SUPPLIED DATA below:
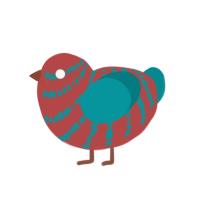 A red and teal chicken with a bar pattern
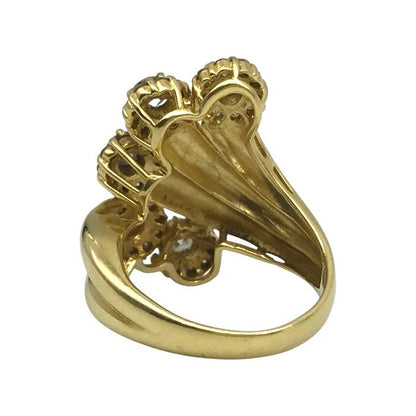 K18/ダイヤ 1.09/0.73ct リング レディース 螺旋 デザインリング イエローゴールド 12号 中古 T1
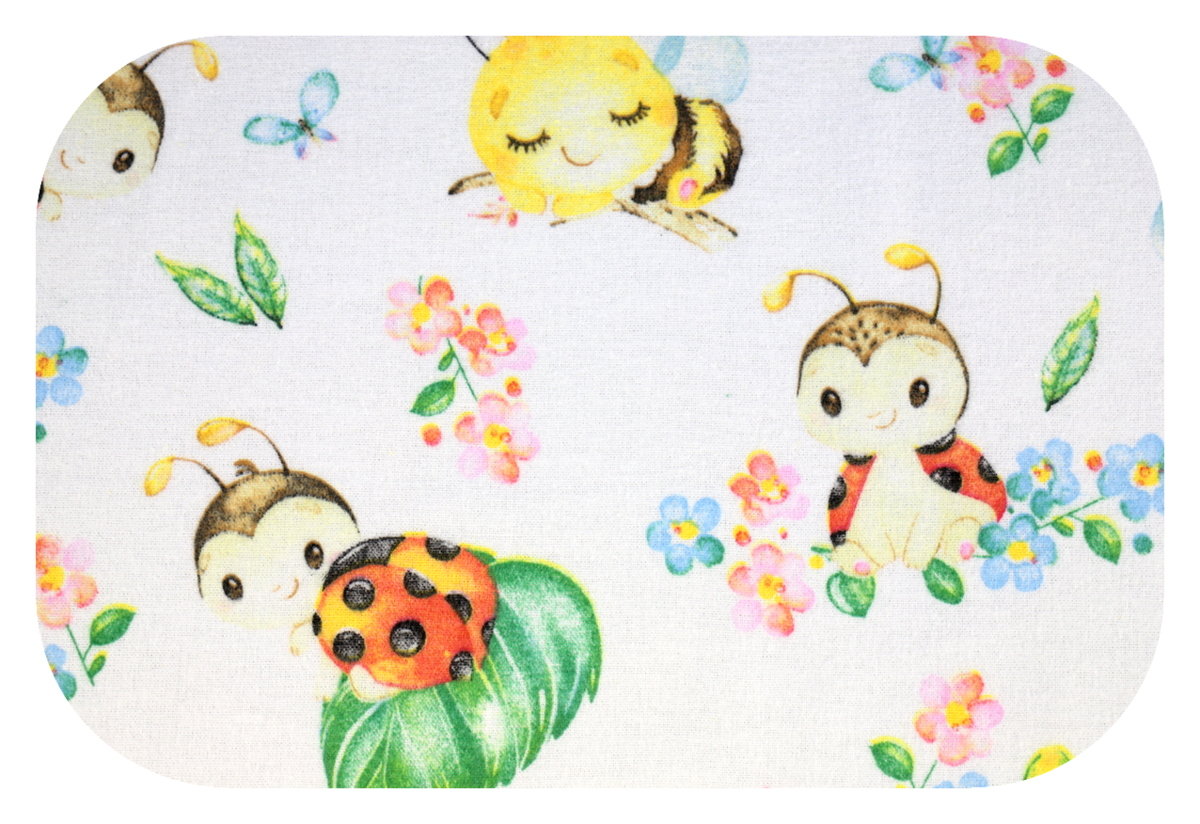 Pielucha flanelowa 75x75 biała wielokolorowa bajkowe owady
End of SUPPLIED DATA.
» PROBLEM DETAILS
Retype the listing exactly and drop the pictures.

» EXERCISE RESPONSE
 A red and teal chicken with a bar pattern
 K18/ダイヤ 1.09/0.73ct リング レディース 螺旋 デザインリング イエローゴールド 12号 中古 T1
 Pielucha flanelowa 75x75 biała wielokolorowa bajkowe owady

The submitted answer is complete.